O clima de guerra se acentuava nas pequenas coisas. Lápis ou lapiseira? Borracha branca  pequena ou grande em forma de elefante? Penal, de napa simples ou de náilon com três pavimentos? Régua acrílica com a tabuada impressa ou de madeira? Giz de cera “jumbo” ou do magrinho que só de olhar já se quebra inteiro?
Cada pergunta por mim proferida gerava discussões acaloradas. Caneta Bic era castigo. A mãe olhava para o “serzinho” e dizia: “Se tu não se comportar vou levar apenas uma caneta Bic para ti! Na minha época a gente só tinha isso!”

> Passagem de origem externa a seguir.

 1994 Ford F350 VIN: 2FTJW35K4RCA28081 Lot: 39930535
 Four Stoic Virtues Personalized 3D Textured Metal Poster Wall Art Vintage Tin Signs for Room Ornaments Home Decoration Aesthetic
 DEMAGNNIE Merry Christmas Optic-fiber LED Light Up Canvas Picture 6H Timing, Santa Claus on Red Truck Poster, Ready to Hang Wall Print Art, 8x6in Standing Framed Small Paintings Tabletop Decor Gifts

Teve uma vez que, no intuito de conseguir um apontador de trenzinho, um menino forjou um ataque epilético com direito a contrações musculares e tudo mais. A mãe, desesperada, chamou o pai. Assim que este apareceu o menino levantou prontamente e achou lindo o apontador de ferro simples.
Naqueles anos que ali trabalhei  vendendo material escolar, vi crianças sendo arrastadas pelo chão até o carro; maridos gritando com suas mulheres, mulheres berrando com seus maridos, crianças tomando cascudo, puxões de orelha, beliscões.

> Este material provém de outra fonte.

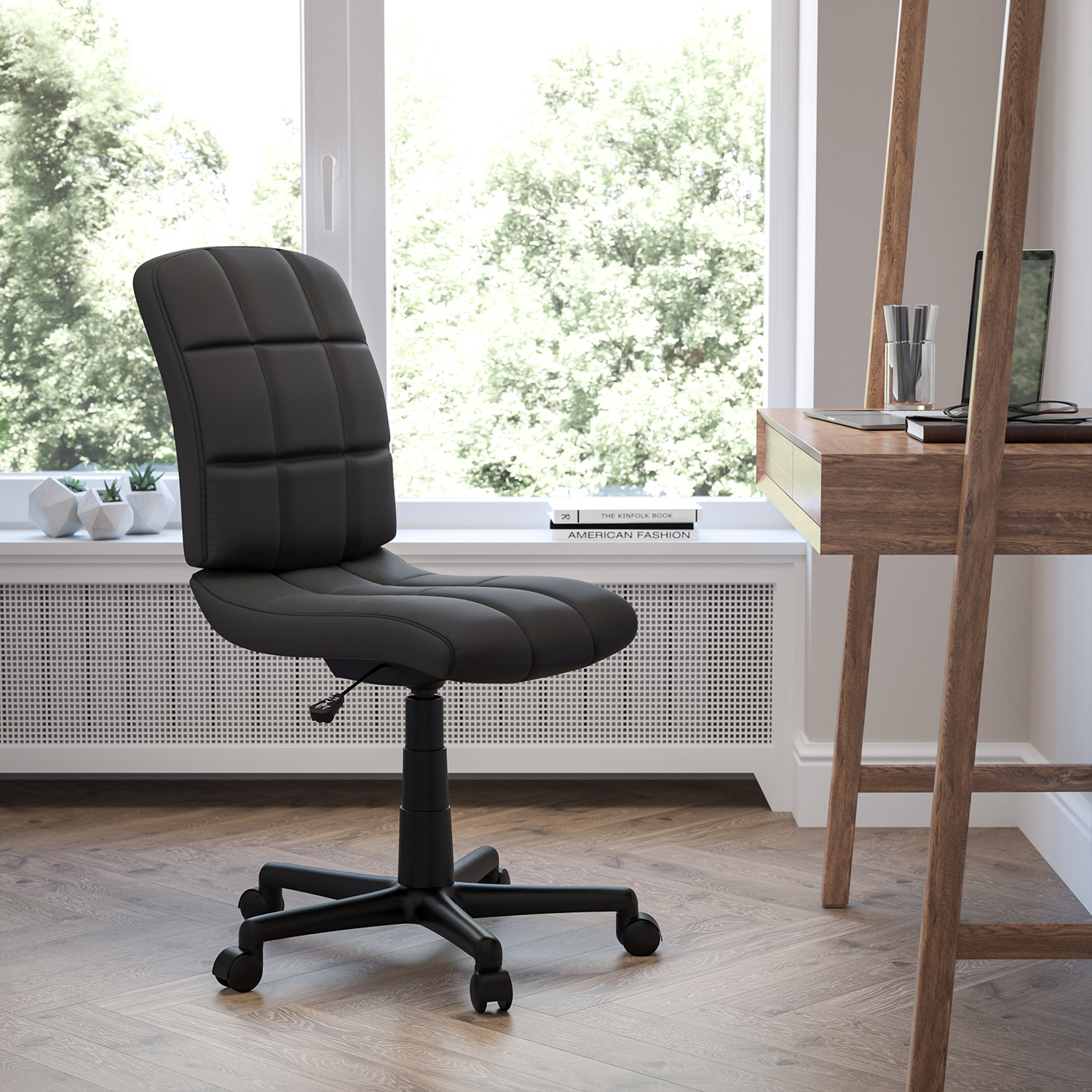 BLNK Clayton Vinyl Mid-Back Quilted Swivel Task Office Chair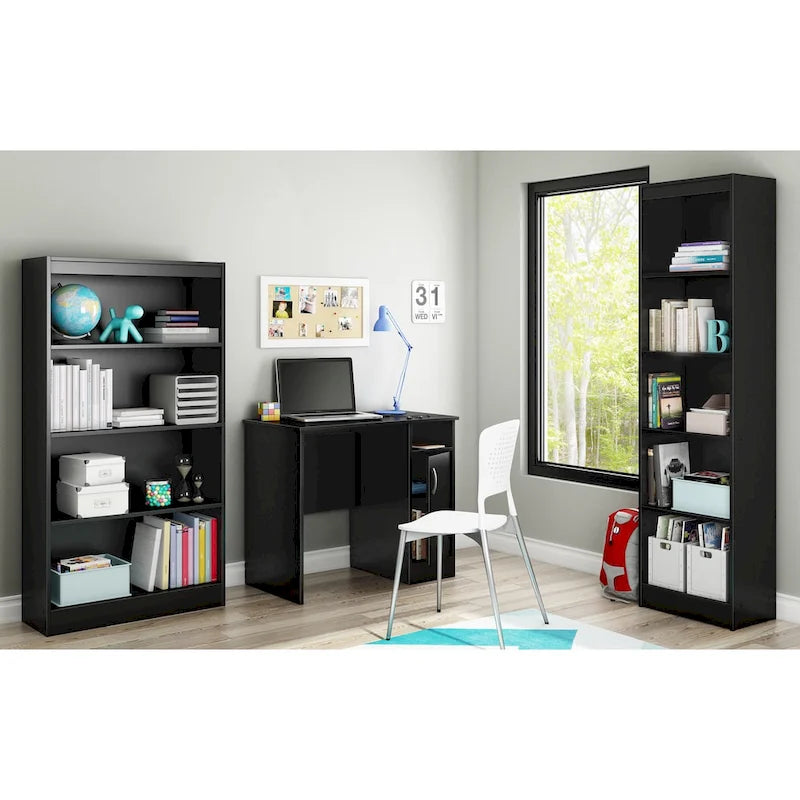 Compact Space-Saving Computer Desk with Storage Cabinet, Multi-Color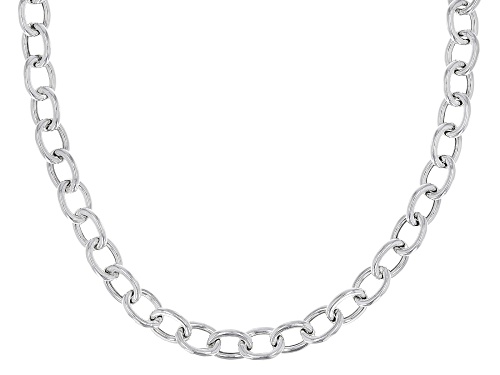 Sterling Silver Elongaited Cable Link Necklace 20 Inch - Size 20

Aterrorizante era quando a mãe ou o pai, de fala baixa e sem muitas expressões, olhava para a filha ou filho a ter um chilique e dizia: Em casa a gente conversa.
Eu, em minha voluntária  posição de “conciliador familiar”, mostrava para as crianças o quão legal era ter um apontador sem lixeira pois era a chance de poder levantar e dar um “rolê” pela sala para apontar o lápis. Além do mais, a caixa de lápis de cor de doze cores era leve e possibilitava um número sem-fim de combinações. Monet permaneceria Monet com apenas duas cores. Com doze cores diferentes era possível criar um universo.
Dada minha dialética enfadonha, muitas crianças, infelizmente, passaram a me odiar, mas, quando a criança aceitava meus argumentos, a família jubilava e me agradecia sem parar.
Não era fácil sobreviver aquelas listas. Digo mais, se eu fosse padre, em vez de mandar meus confessionários rezarem eu os mandaria vender uma, duas ou três listas de material escolar, dependendo o tamanho do pecado.